Instructions for the task
Print the lines in the listing below starting at the line with "Banana Republic Mini Skirt - Picture 3 of 3" and ending at the line with "Phantom black Usado", both included. Reproduce them exactly and omit every picture.

Source data
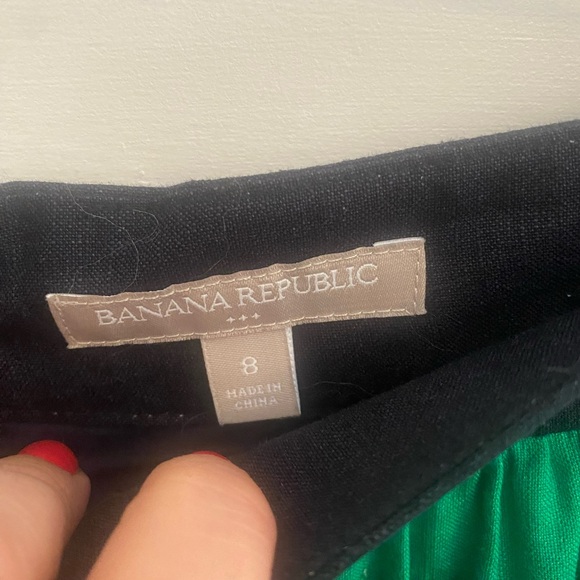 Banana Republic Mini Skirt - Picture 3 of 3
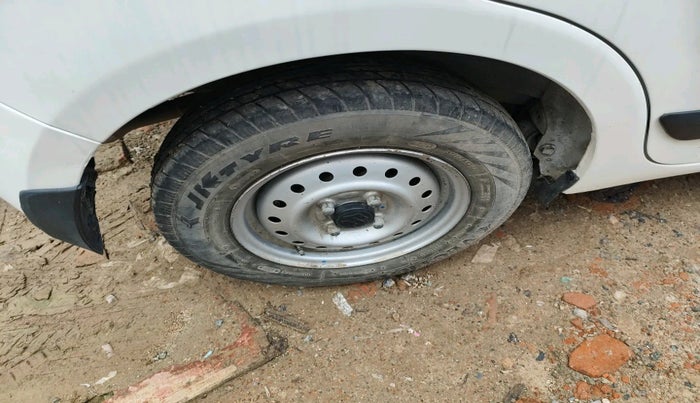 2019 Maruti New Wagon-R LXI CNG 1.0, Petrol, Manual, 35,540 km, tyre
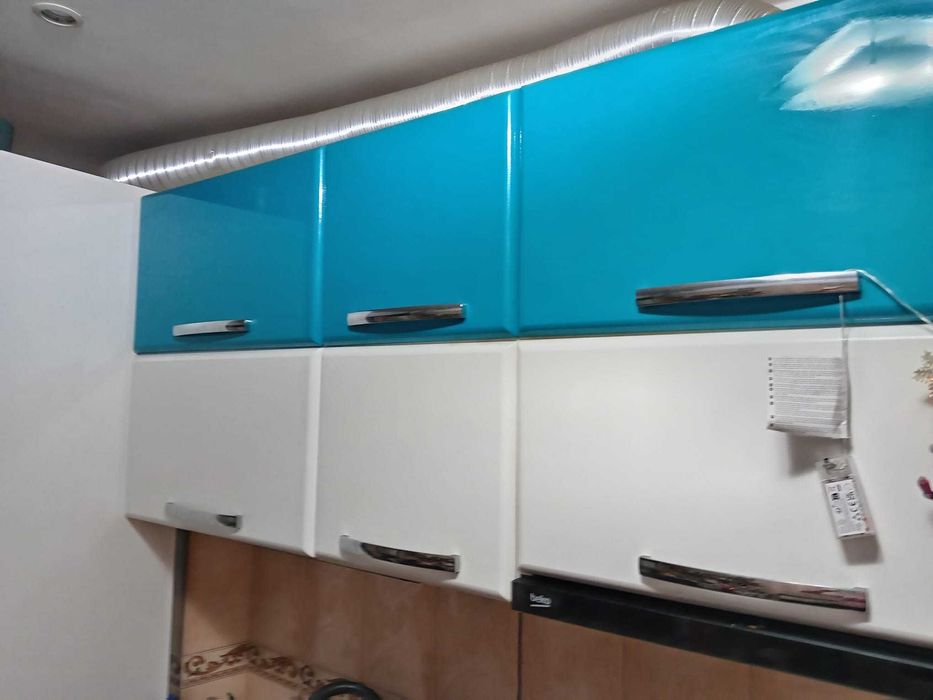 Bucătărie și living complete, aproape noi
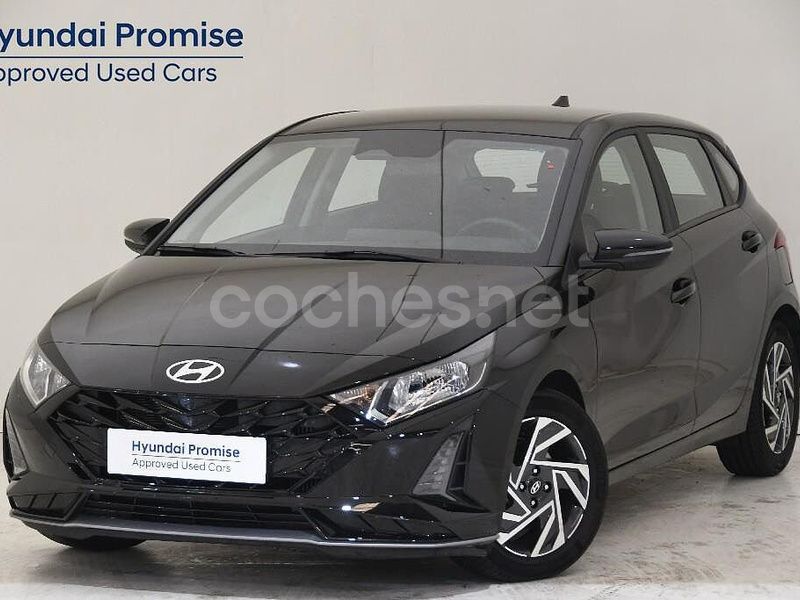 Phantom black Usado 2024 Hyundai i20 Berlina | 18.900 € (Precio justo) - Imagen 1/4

...

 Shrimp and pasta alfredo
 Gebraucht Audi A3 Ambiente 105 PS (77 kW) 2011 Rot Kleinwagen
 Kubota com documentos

==

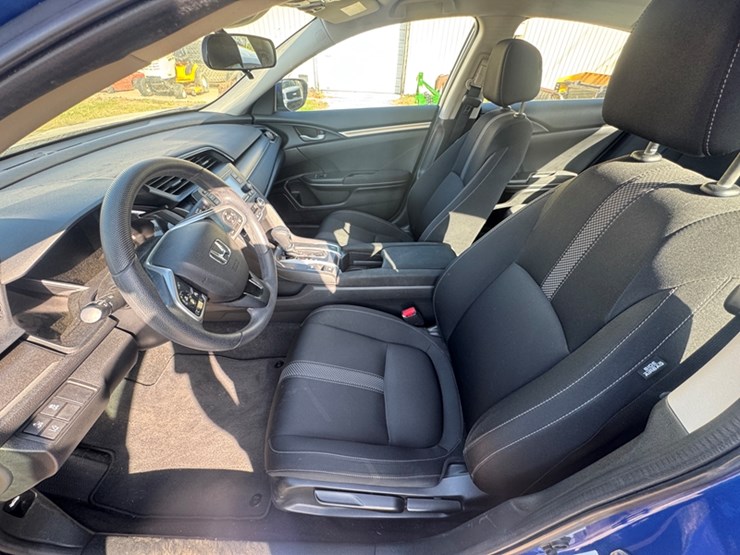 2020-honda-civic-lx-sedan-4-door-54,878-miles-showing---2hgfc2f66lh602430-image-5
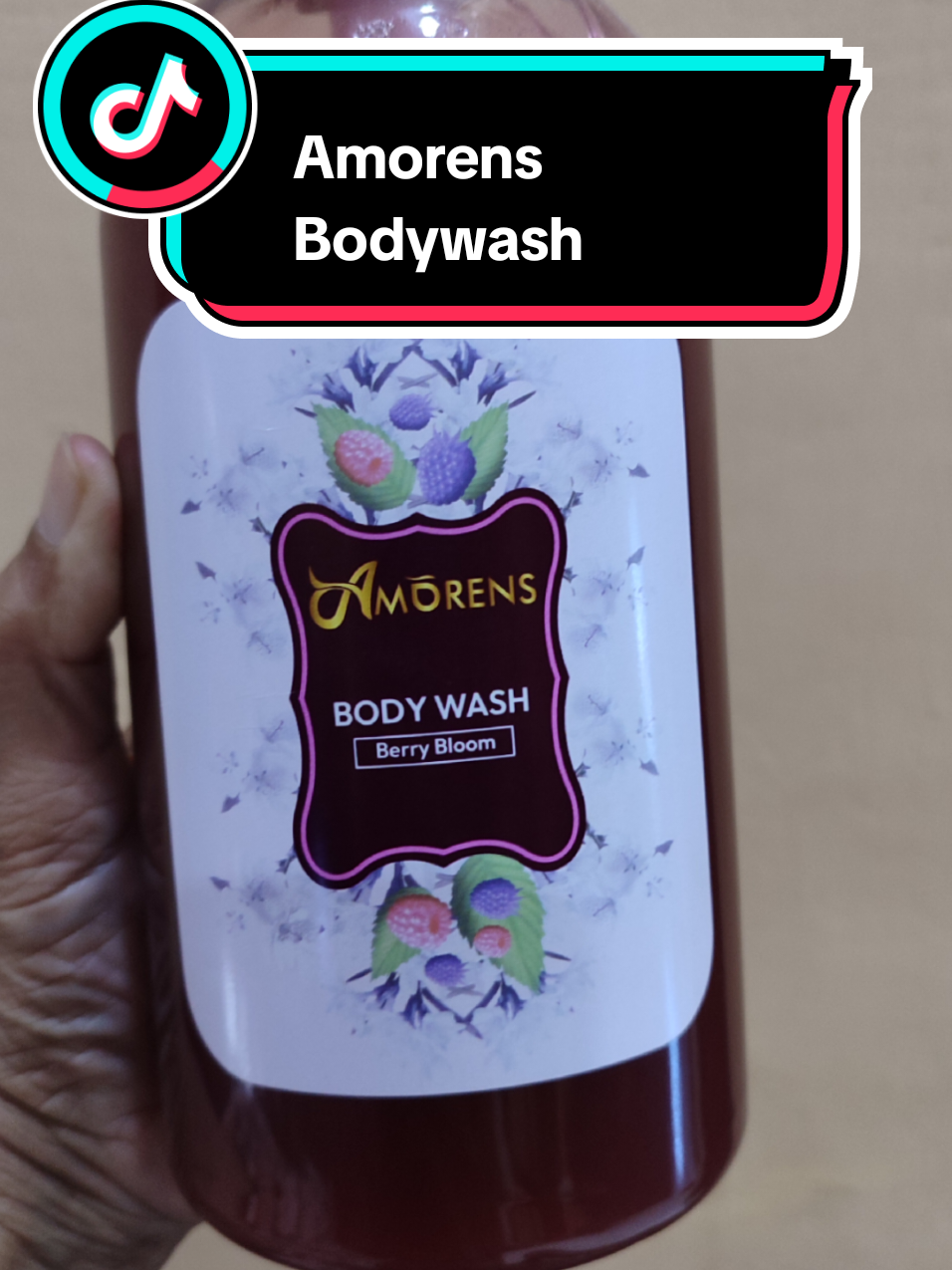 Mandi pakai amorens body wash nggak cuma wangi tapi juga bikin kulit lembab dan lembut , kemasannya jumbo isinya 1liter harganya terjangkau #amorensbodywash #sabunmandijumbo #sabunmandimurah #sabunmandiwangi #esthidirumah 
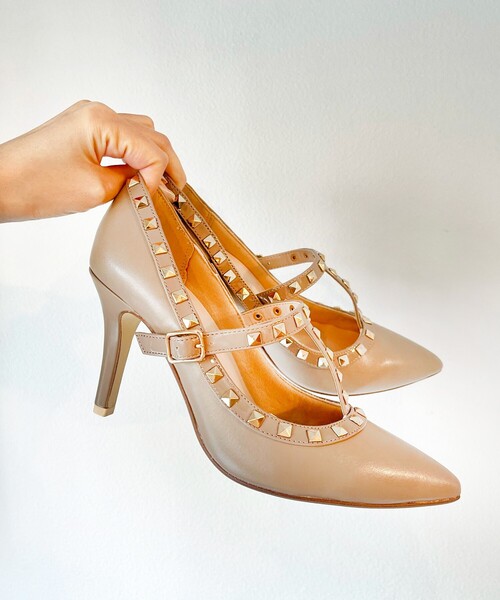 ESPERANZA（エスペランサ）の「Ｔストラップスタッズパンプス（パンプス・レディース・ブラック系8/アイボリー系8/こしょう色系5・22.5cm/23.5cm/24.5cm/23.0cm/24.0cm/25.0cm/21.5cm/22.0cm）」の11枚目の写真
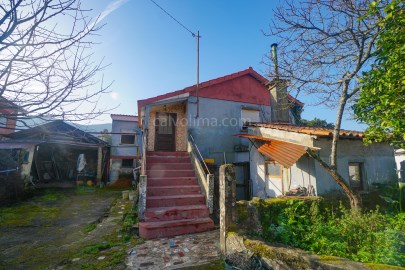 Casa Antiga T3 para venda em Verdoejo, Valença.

Response
 Banana Republic Mini Skirt - Picture 3 of 3
 2019 Maruti New Wagon-R LXI CNG 1.0, Petrol, Manual, 35,540 km, tyre
 Bucătărie și living complete, aproape noi
 Phantom black Usado 2024 Hyundai i20 Berlina | 18.900 € (Precio justo) - Imagen 1/4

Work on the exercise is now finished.